I'm a bad, bad, blogger.
Summer has me in a bit of a time warp. We've been so busy, time slips by, and before I know it, I've gone a week without writing anything.
Not that you've missed me.
I've been wanting to try making a fabric flower out of scrap fabrics. I finally tried it while the kids snacked on sugary cereal and watched television.
You do what you gotta do.
I made the flower to match a little polka dot skirt that I had scraps from. It looks like a really huge corsage in this picture. It's more balanced out when you can see all of her head.
I'm not sure what emotion this is.
Angry at me for taking her picture without brushing her hair or insisting on shoes?
Earlier in the day...
What are these guys looking at?
This little guy.
My dad is a big gardener.He has trouble with critters sneaking in and eating all his veggies. If they made a deer sized cage, he would have one. Almost every morning the kids want to know if grandaddy had anything in a trap. If he does, we have to go take a look.
While trying to satisfy the midnight munchies - this racoon was lured into one of the traps.
Before you get all excited and call PETA, let me say he takes all critters to the nearby lake, and releases them.
Even possums. (opossums??)
Well, with the exception of skunks - but I won't get into that.
I let each of the kids take a carrot to feed the racoon.
Lilly got greedy.
The new baby calf.
For some reason, the momma cow (or, as my dad ikes to say, heffer), refuses to nurse her baby. My cousin and her grandaughter came to give him a bottle.
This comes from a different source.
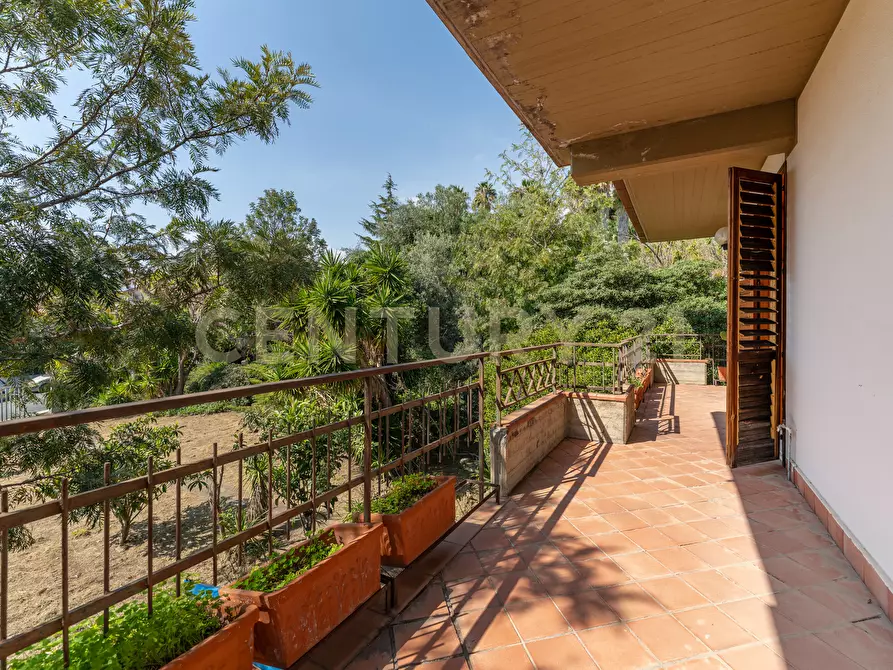 Immagine 39 di Villa in vendita  in Via dei Ciclopi 71 a Aci Catena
A BIG bottle.
All of this critter interaction takes place down the street from Nashville International Airport.
I love Nashville.
I snapped this picture of Baker, my shirtless wonder, because I love his curls, and I'm about to get him a haircut. It's cute dry , but when it's wet at the pool, he's sporting a serious mullet. Jackson won't stop saying "business in the front, party in the back", and I'm afraid he's going to catch on to the joke.
And, finally, I spotted this advertisement in my Atlanta market guide.
How lazy do you have to be to wear your wine around your neck?
The phone number is clearly visible, and you can order one if you too hate to use your hands while drinking.